[Saved data entries]
<<<<

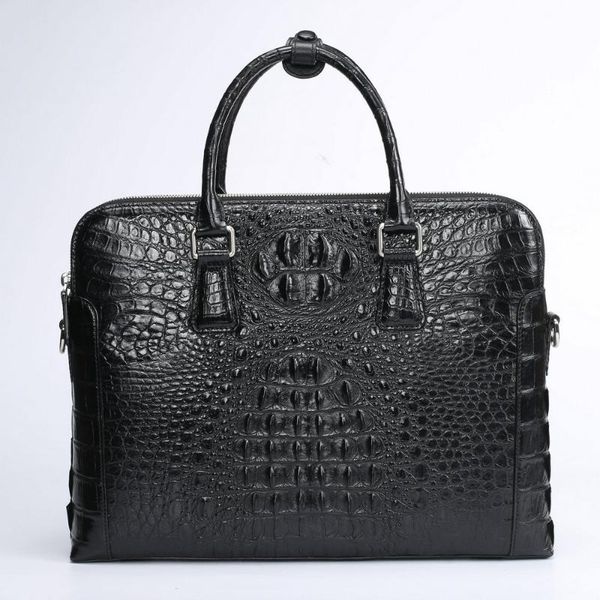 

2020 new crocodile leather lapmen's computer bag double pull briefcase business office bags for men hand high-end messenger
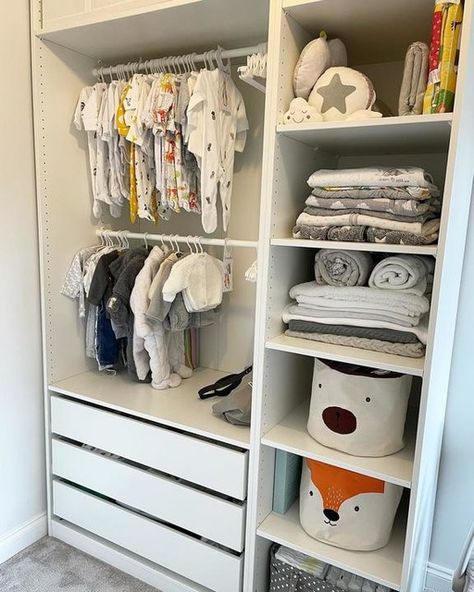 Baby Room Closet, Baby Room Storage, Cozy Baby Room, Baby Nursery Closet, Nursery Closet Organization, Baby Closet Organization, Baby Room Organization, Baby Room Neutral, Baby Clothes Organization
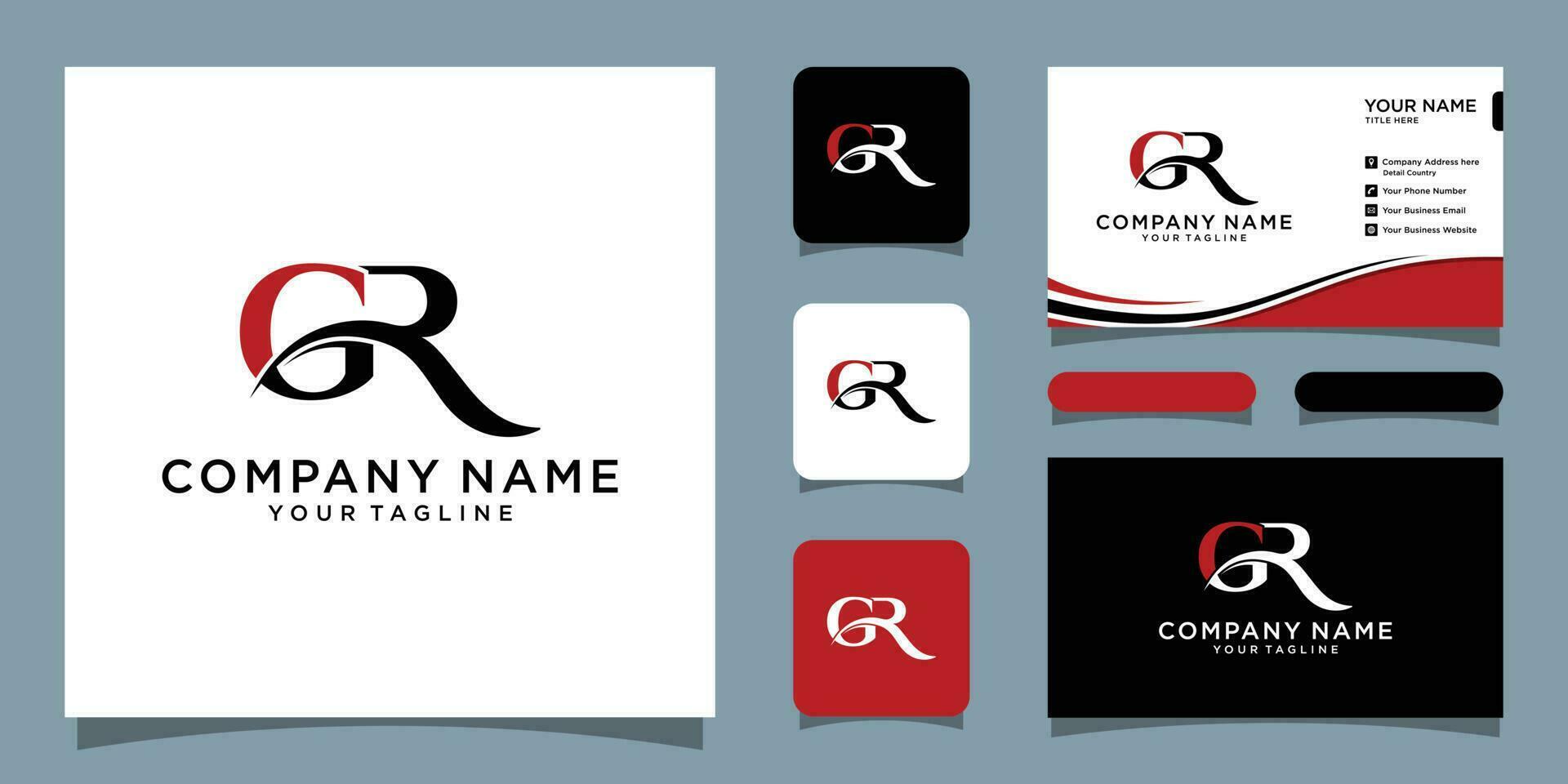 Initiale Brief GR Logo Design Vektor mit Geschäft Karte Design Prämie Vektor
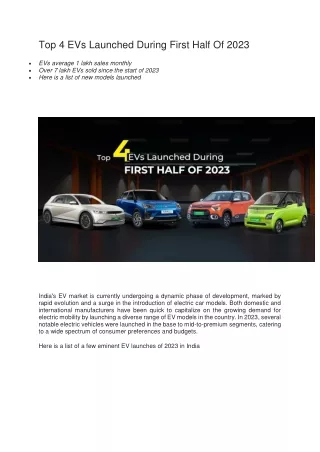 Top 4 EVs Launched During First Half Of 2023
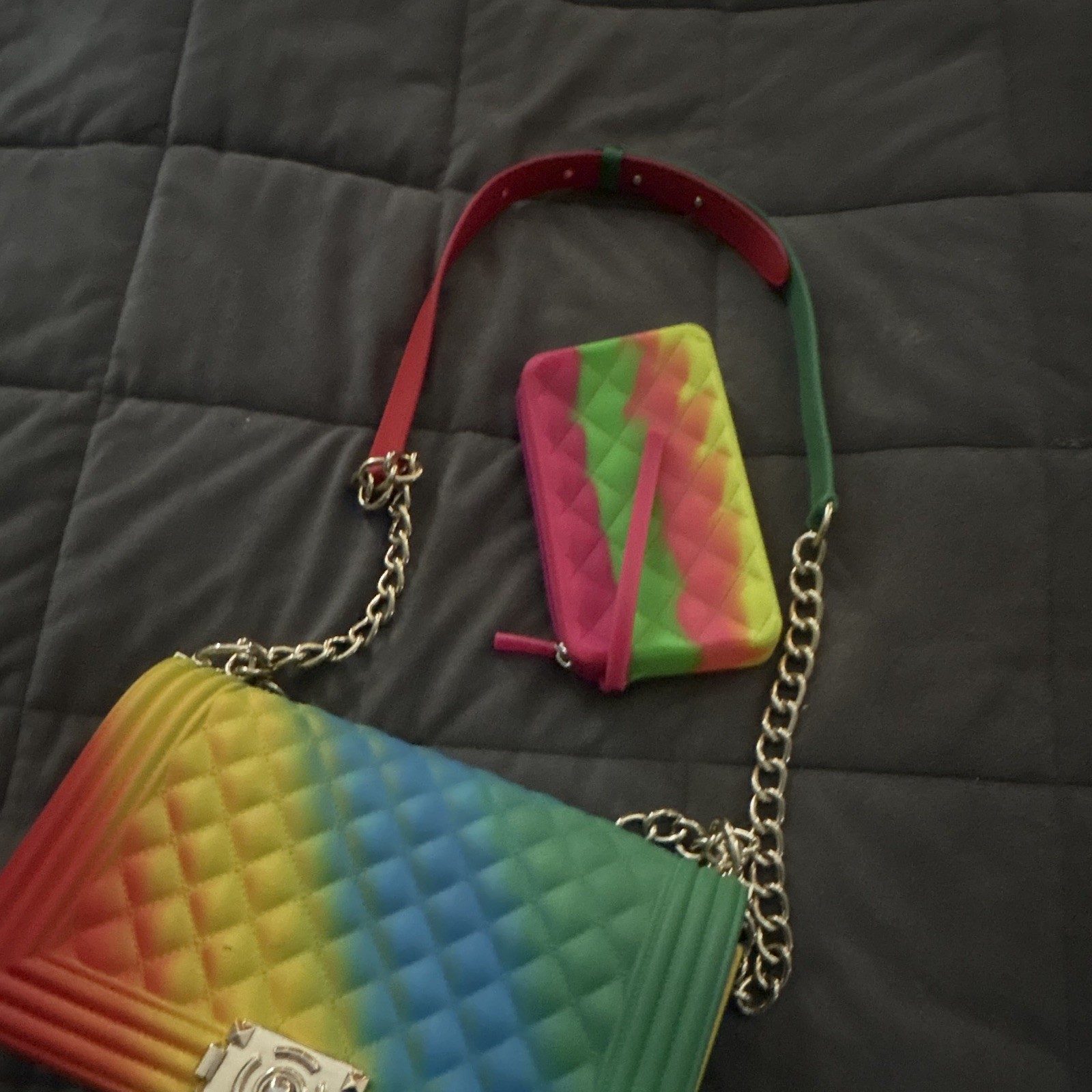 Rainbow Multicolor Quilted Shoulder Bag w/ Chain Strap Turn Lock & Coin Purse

>>>>

Task goal
A picture must not appear in the copy. Transcribe exactly the lines from the one with "Top 4 EVs Launched During First Half Of 2023" through the final line of the entries, both included, and no more.

Exercise response
 Top 4 EVs Launched During First Half Of 2023
 Rainbow Multicolor Quilted Shoulder Bag w/ Chain Strap Turn Lock & Coin Purse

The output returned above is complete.